According to the Clarius Skills Index:

  Three major employment sectors will face substantial skills gaps as Australia’s ageing workforce heads for retirement, according to the latest Clarius Skills Index…for every 107 teachers who retire, there will only be 73 to replace them if the wider population’s qualifications remain unchanged over the next decade-and-a-half.  

So as the average age of the teacher profession increases (with a large group who are now close to retirement), there aren’t going to be enough young teachers coming into the classroom to replace them. According to the ABS, there were 286,000 teaching staff in Australian schools in 2010*, and other research suggests up to a third are close to retirement*.

Australian teaching staff:student ratios

Over the last decade, the number of students per teacher has declined, leading the potential for smaller class sizes, and more specialist teaching in smaller groups. The chart below, from the Australian Bureau of Statistics, shows the trend for 'Student to Teaching Staff’ ratios since 2000.

Graph: Full-time Equivalent (FTE) STUDENT TO TEACHING STAFF RATIOS, by affiliation - 2000 to 2010

At the same time, the number of students in private schools has increased by 21% compared with an only 1% increase in students attending government schools. The proportion of students in private schools is now 34%, or more than 1 in 3, up 4% since 2000*.

What happens next?

In other countries facing this problem, there have been two key focus strategies.

  • Increase the number of people entering teaching (which has turned out to be quite tricky in many cases)
  • Develop new models of learning that rely less on low student:teacher ratios

Australia is no different to these countries. But the critical difference is that over the next few years we are going to see an increase in the devolution of power to school Principals - including more responsibility for hiring their own staff.
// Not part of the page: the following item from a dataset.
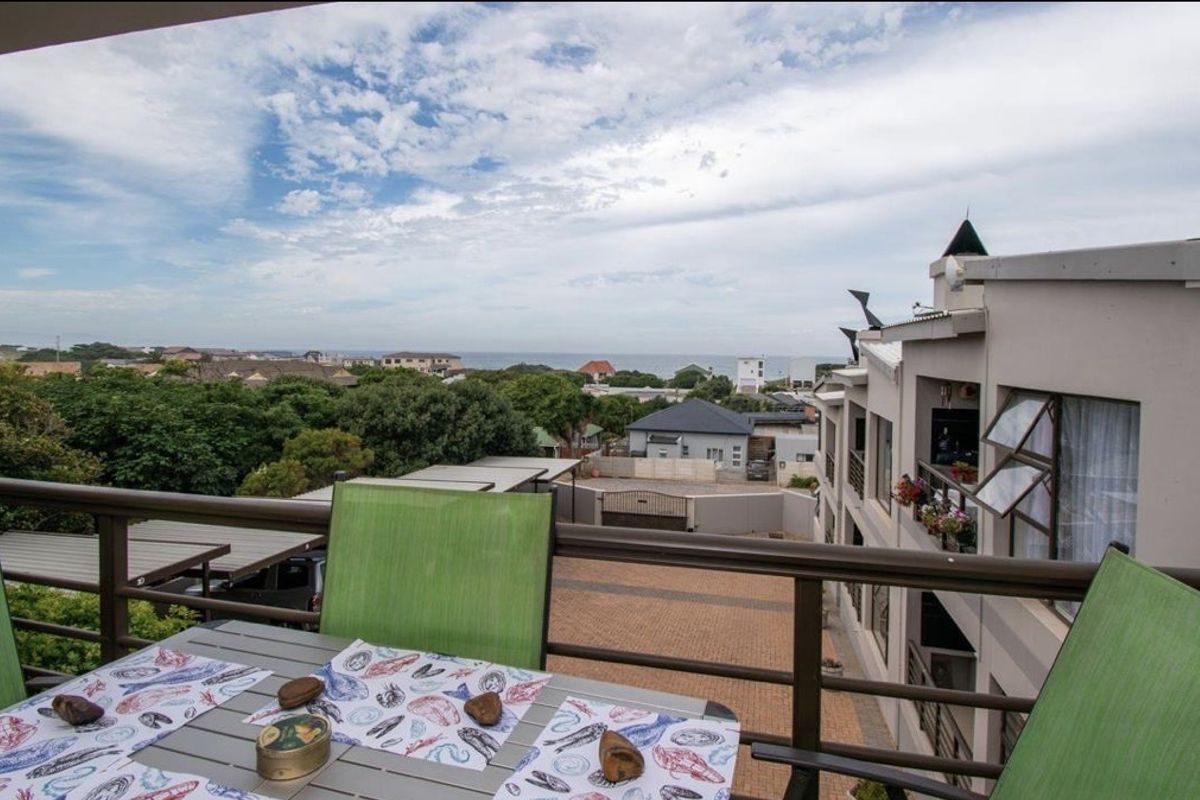 Spacious Apartment in Ferreira Town - Photo 4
That’s going to be quite a challenge to take on at a time when there’s going to be more competition for teachers due to a shortage.
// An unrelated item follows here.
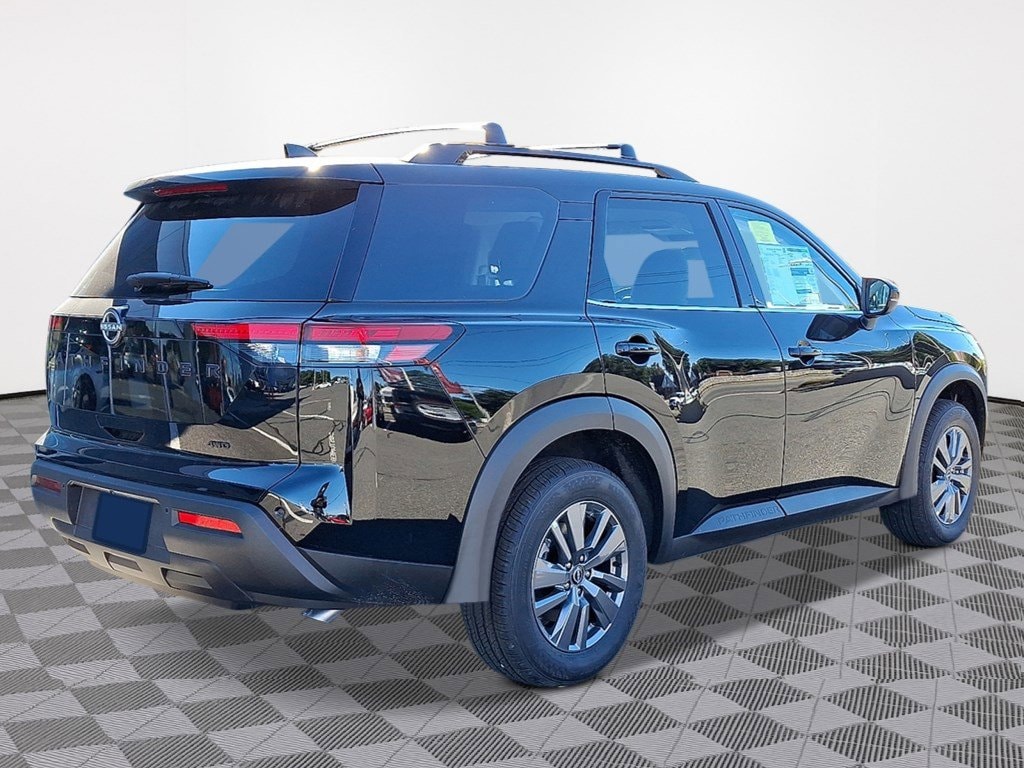 New 2025 Nissan Pathfinder SV SUV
Enter the role of ICT in the classroom?

If you are considering developing an education technology for the future, this trend probably means that there will be much more demand for learner-centric support, rather than teacher-centric (eg with less teachers, are we going to see less demand for teaching led from the front of the class with interactive whiteboards, and more demand for interactive study resources for learners to use individually?).